### Work to be completed
Word for word, and without a single picture, repeat the entries.

### Data records
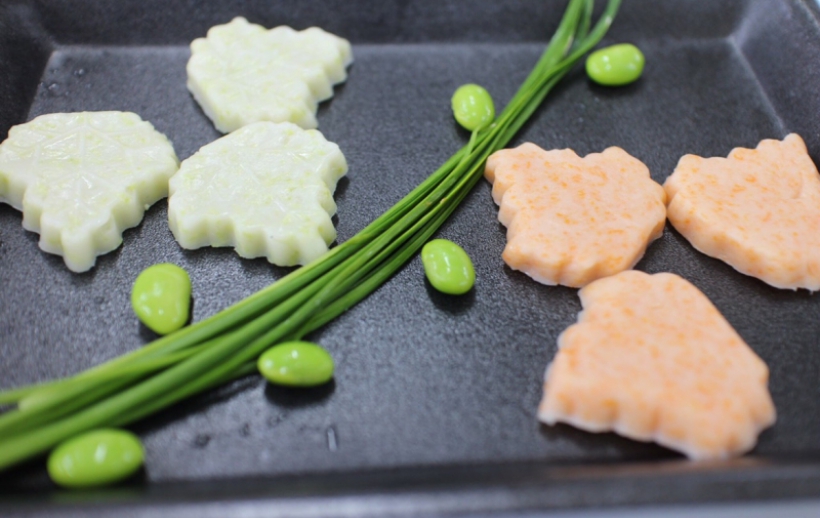 surimi hình lá phong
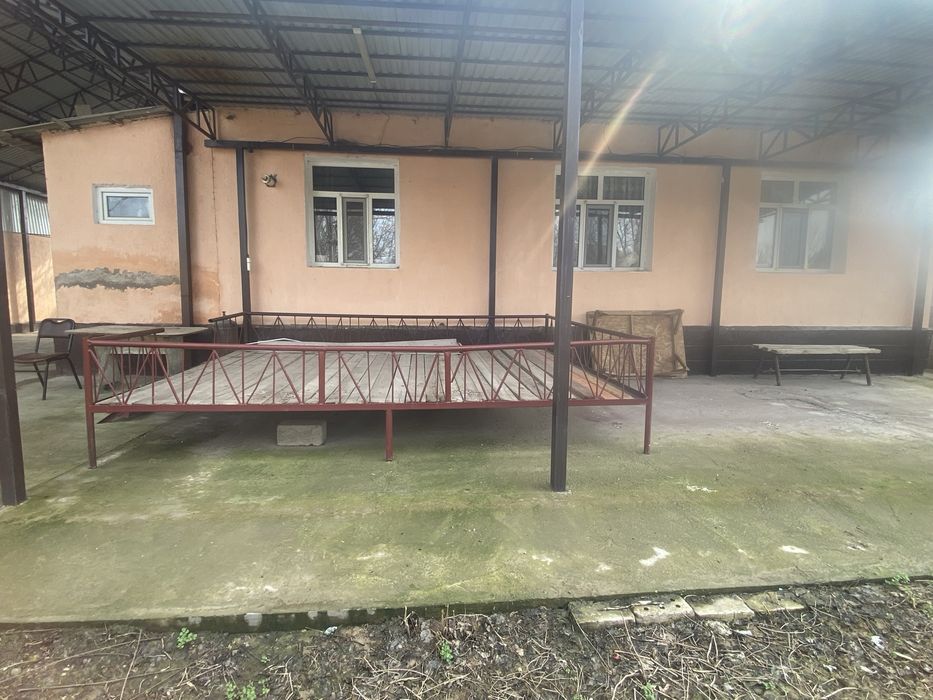 Тапчан агашымен бирге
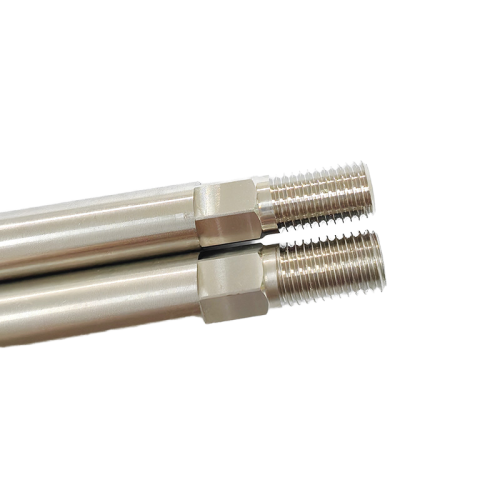 CNC obrábění dlouhých šroubů a šroubů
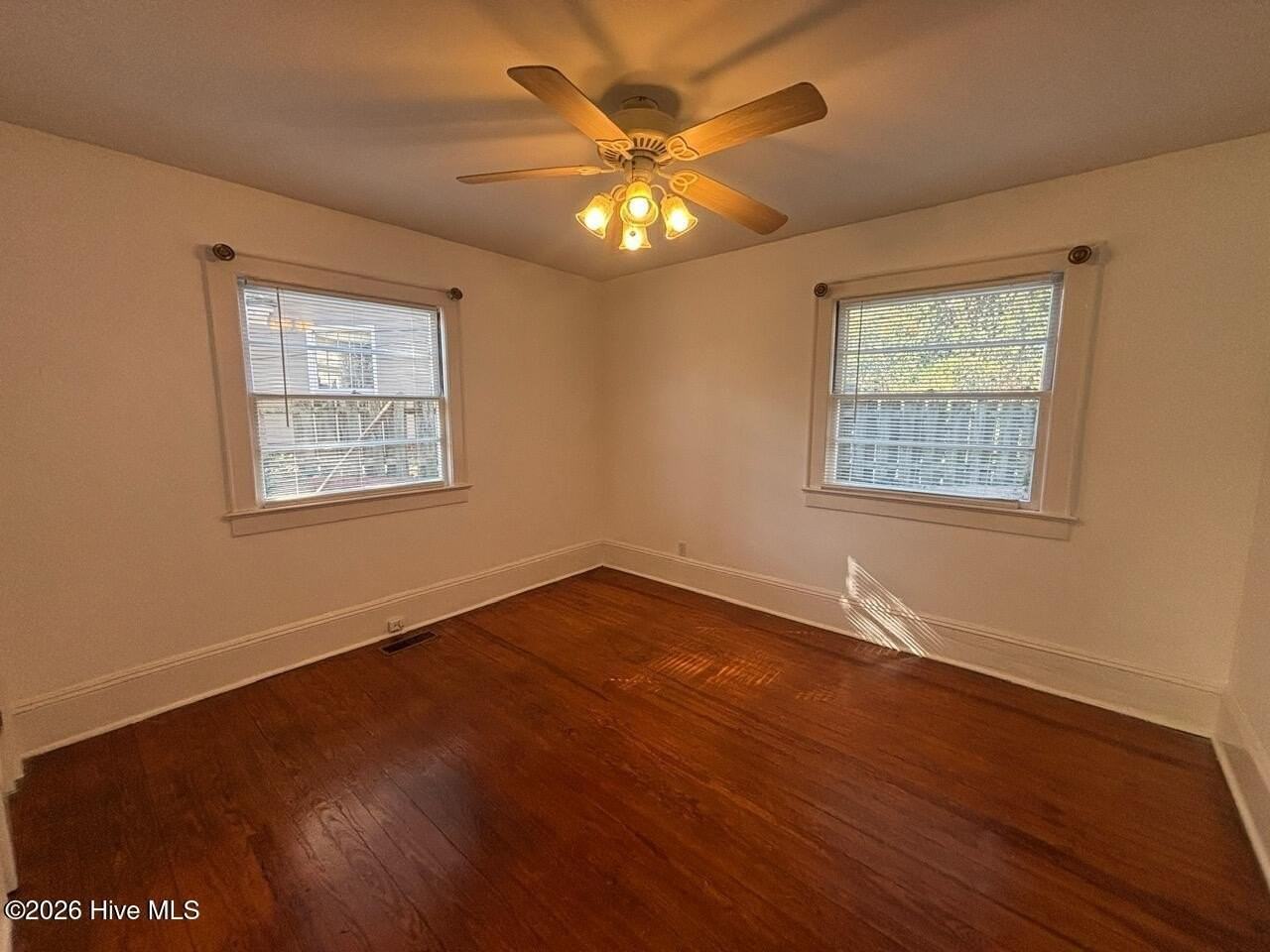 323 N 18th St - Photo 4 of 14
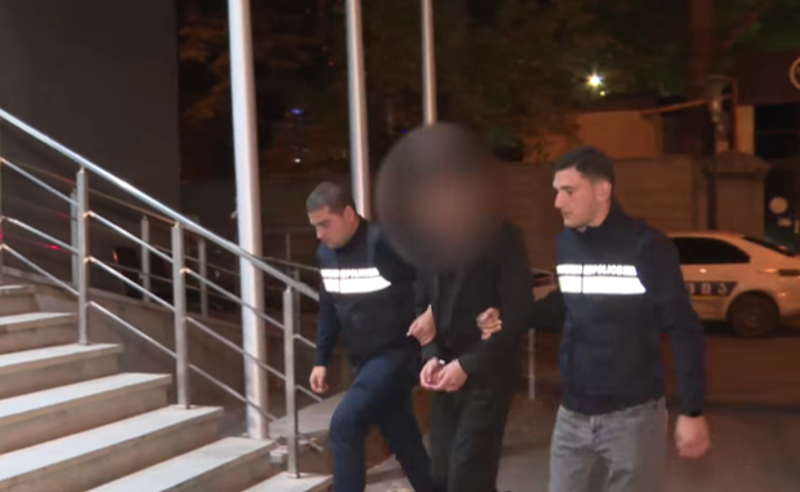 შსს: დაკავებულია 26 წლის კაცი, რომელმაც 28 წლის მოქალაქეს ცივი იარაღით დაზიანება მიაყენა და მიიმალა 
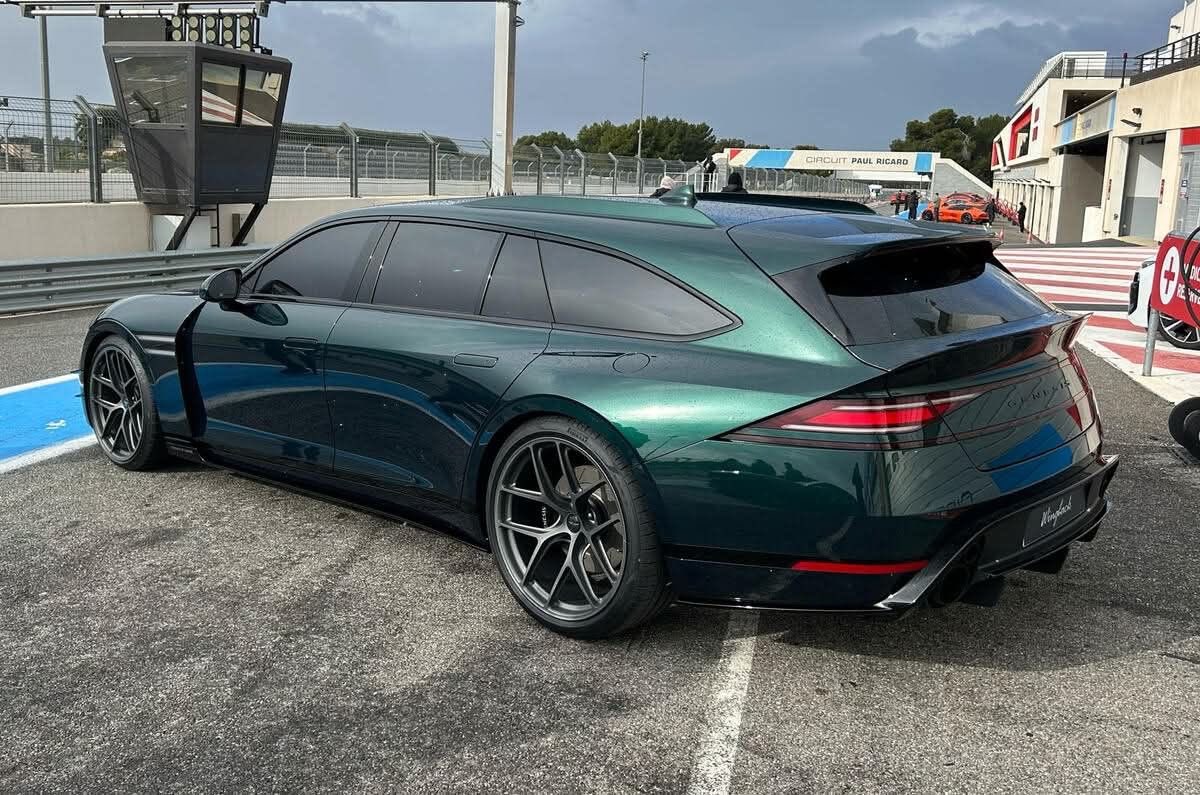 CarSighting's tweet photo. Im still in love https://t.co/b7WQ6TedM4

### Response area
 surimi hình lá phong
 Тапчан агашымен бирге
 CNC obrábění dlouhých šroubů a šroubů
 323 N 18th St - Photo 4 of 14
 შსს: დაკავებულია 26 წლის კაცი, რომელმაც 28 წლის მოქალაქეს ცივი იარაღით დაზიანება მიაყენა და მიიმალა 
 CarSighting's tweet photo. Im still in love https://t.co/b7WQ6TedM4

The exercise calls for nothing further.